- **Directions**
Begin at the line below that has "Photo of 217 Franklin Ave". Stop after the line that has "Krzesła szare 10 sztuk", repeating each line exactly and leaving out the pictures.

- **Given data**
▶

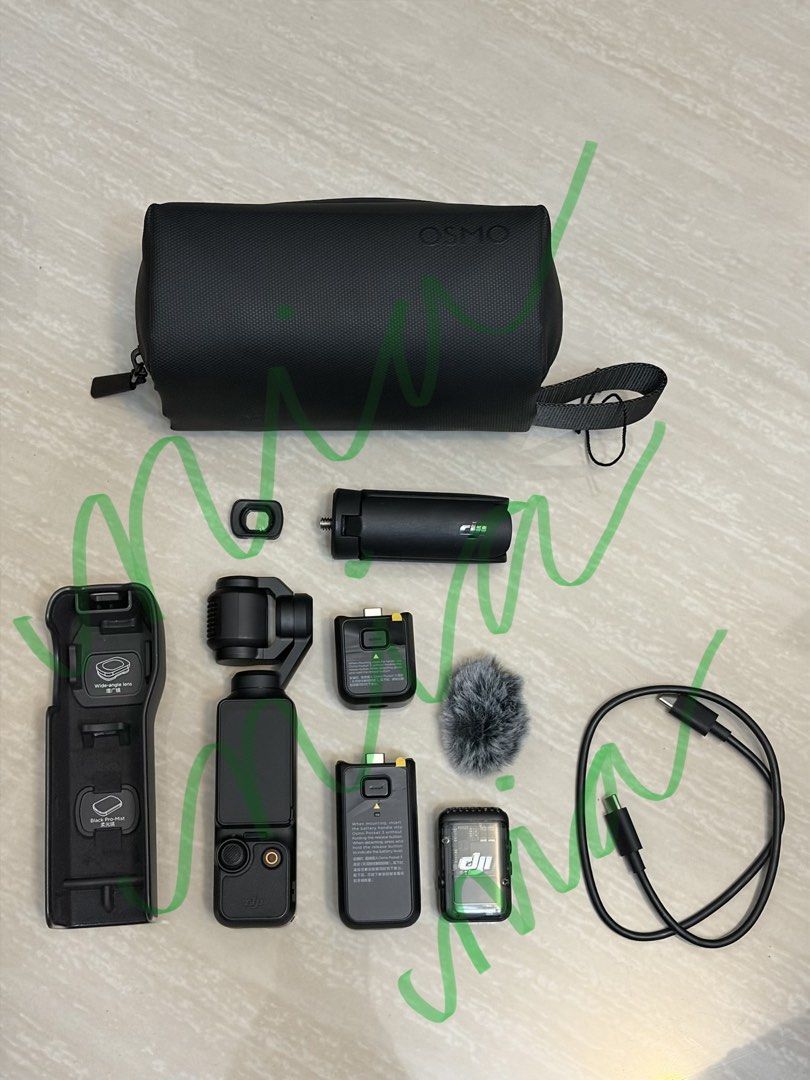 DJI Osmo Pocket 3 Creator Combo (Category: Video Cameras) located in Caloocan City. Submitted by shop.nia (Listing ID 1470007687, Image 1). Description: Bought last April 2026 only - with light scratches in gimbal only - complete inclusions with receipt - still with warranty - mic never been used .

◀
▶

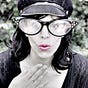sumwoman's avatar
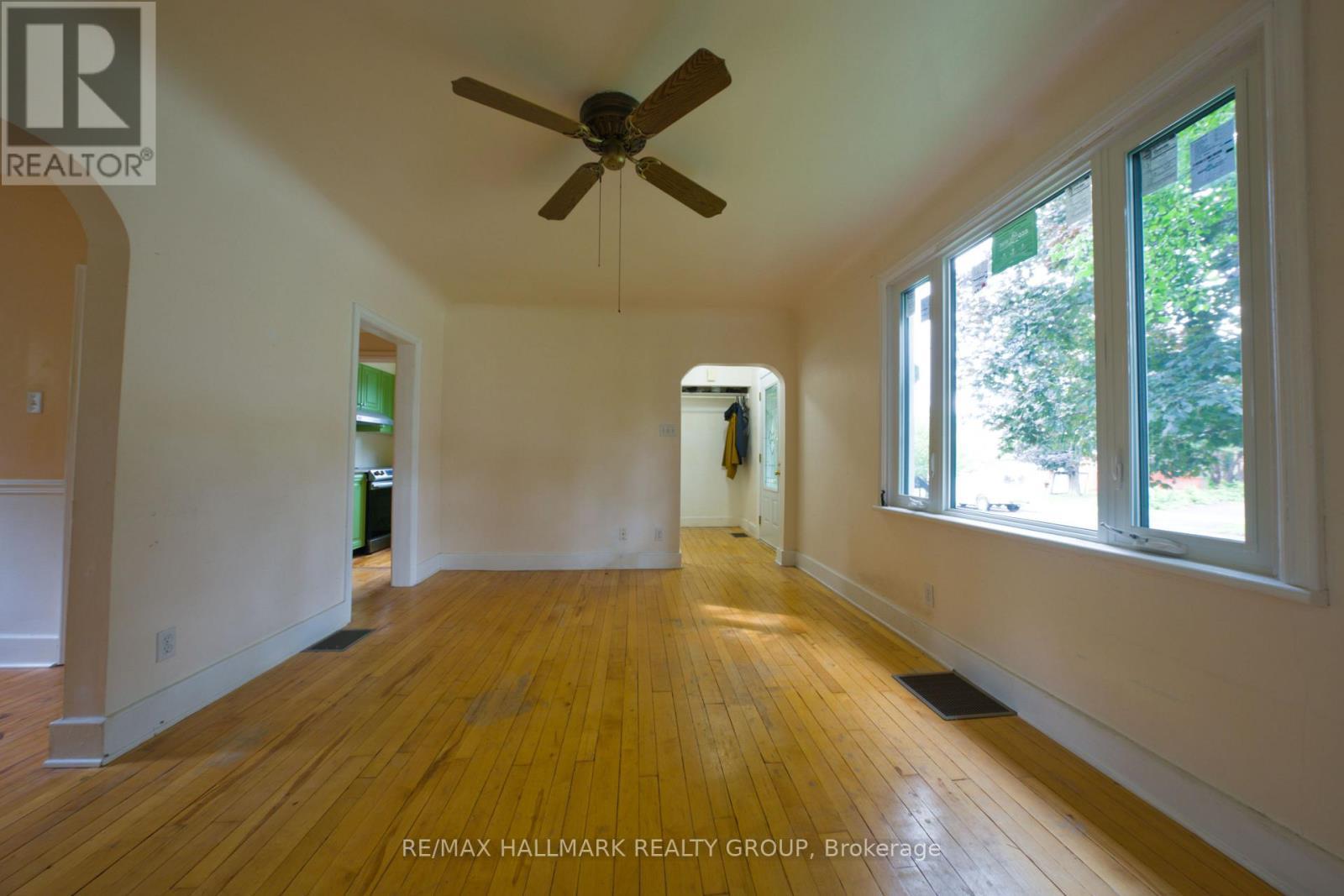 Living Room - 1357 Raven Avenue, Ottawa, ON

◀
▶

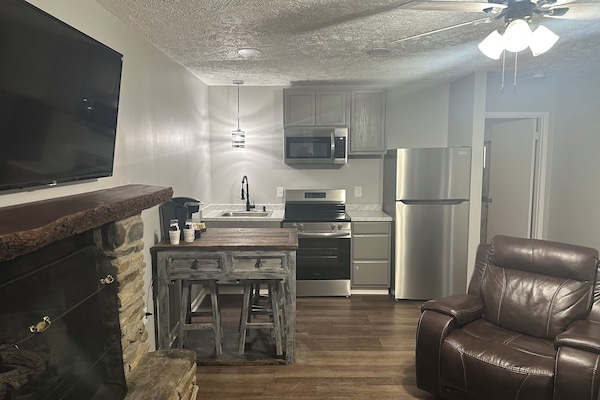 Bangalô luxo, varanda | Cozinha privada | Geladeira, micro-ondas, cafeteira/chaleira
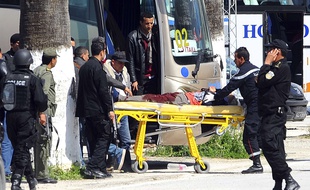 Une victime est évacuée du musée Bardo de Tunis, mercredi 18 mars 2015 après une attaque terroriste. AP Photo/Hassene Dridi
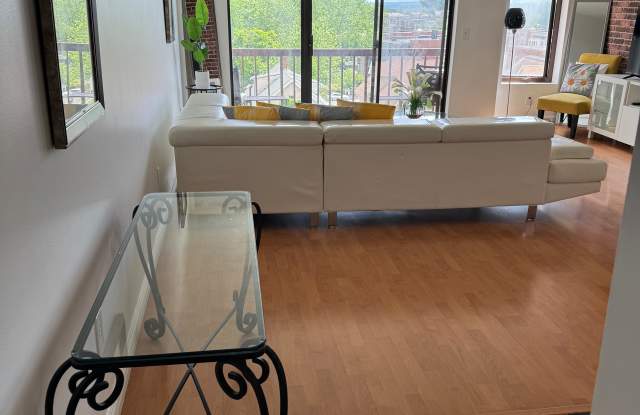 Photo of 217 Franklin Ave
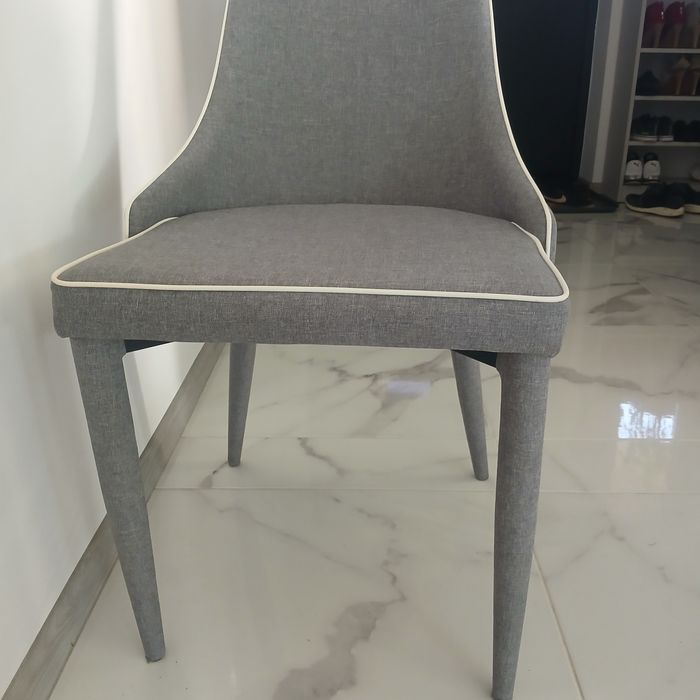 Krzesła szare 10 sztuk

◀

- **Result of this task**
 Photo of 217 Franklin Ave
 Krzesła szare 10 sztuk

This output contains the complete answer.